New mods since when? Trifecta released a tune at the end of September...


----------



## bad_diesel (Mar 11, 2014)

How good is the tune? I been gone since before September and haven't really had time to research like I would like to


----------



## Danny5 (Dec 22, 2011)

As a tune, it's great!

But as good as the Fleece tune? Maybe not quite.

Trifecta Tune is cheaper by $100
Trifecta Tune requires laptop to flash ECU vs Fleece has handheld
Trifecta Tune comes with a new Transmission Tune
Trifecta Tune only has one level of tuning vs Fleece has 3
Trifecta 50hp tune drivability better than Fleece 50hp tune, but Fleece 30 & 40hp tune drivability is better than Trifecta.
Trifecta Customer Service is more responsive

2 sides of the same coin IMHO.


----------



## bad_diesel (Mar 11, 2014)

You said that it have a transmission tune. I read somewhere that our transmissions couldn't hold more that 345ft/lbs. How close to that limit is this getting the car? That is if what I read was even true.


----------



## MilTownSHO (Oct 9, 2013)

Danny5 said:


> As a tune, it's great!
> 
> But as good as the Fleece tune? Maybe not quite.
> 
> ...


Pretty good description but I would say Trifecta's customer service can be just as terrible.

As far as the Trifecta transmission programming, I honestly don't notice any difference.

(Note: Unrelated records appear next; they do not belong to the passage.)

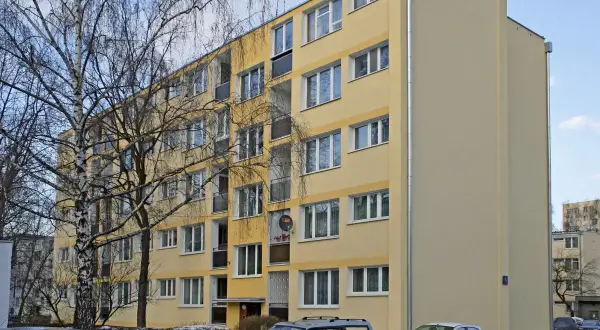 Żółty blok mieszkalny, zimowy dzień. Warto wiedzieć, jak zdać mieszkanie komunalne po śmierci najemcy.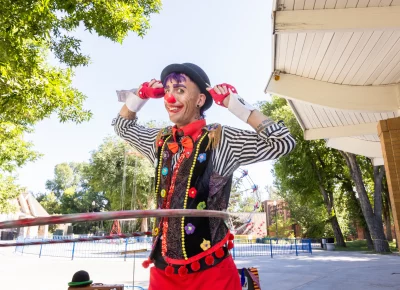 Styxx the Variety Performer holding performing holding his ears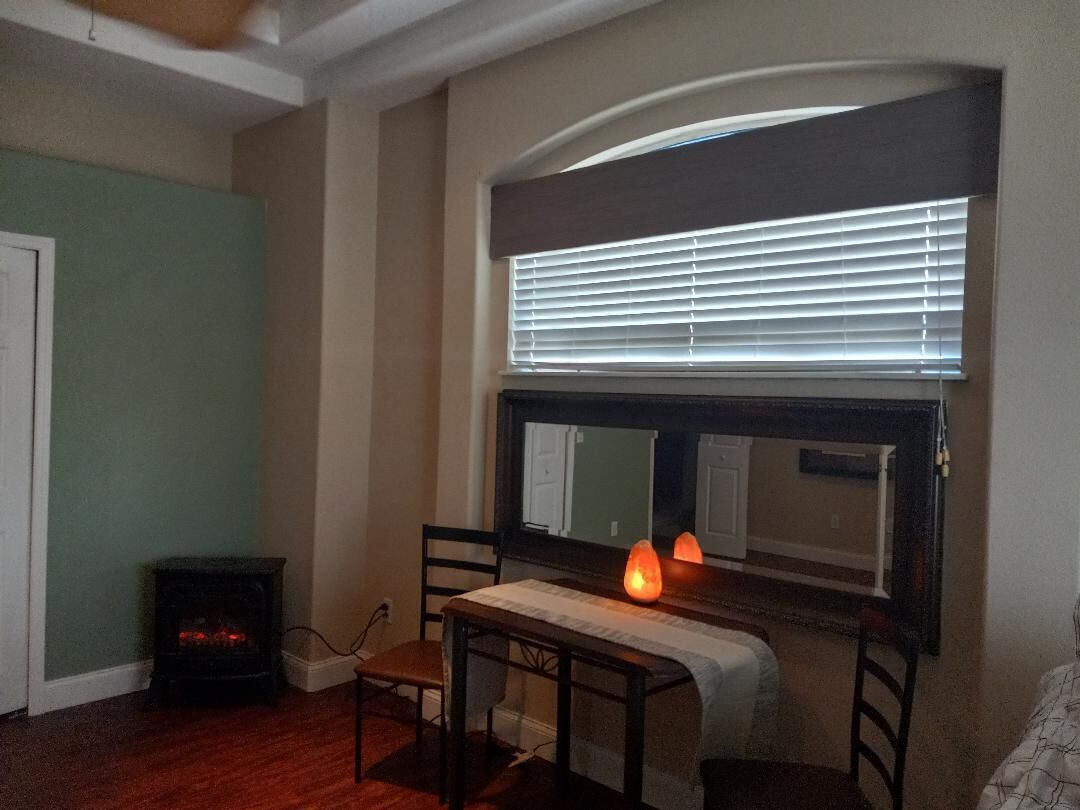 A room with a fireplace, a table with chairs, a window with blinds, and a door.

If I could go back in time I would have stayed with Fleece since I already had it in my hand, mainly because of the drive ability factor (much smoother and linear than Trifecta) and the convenience of having the handheld.

For the $100 difference though, it's a toss up. Although you could get a Fleece tune through a reseller as well for cheaper...


----------



## money_man (Feb 25, 2014)

Trifecta also claims it doesn't change the flash counter in the ecu


Sent from the sexy electrician


----------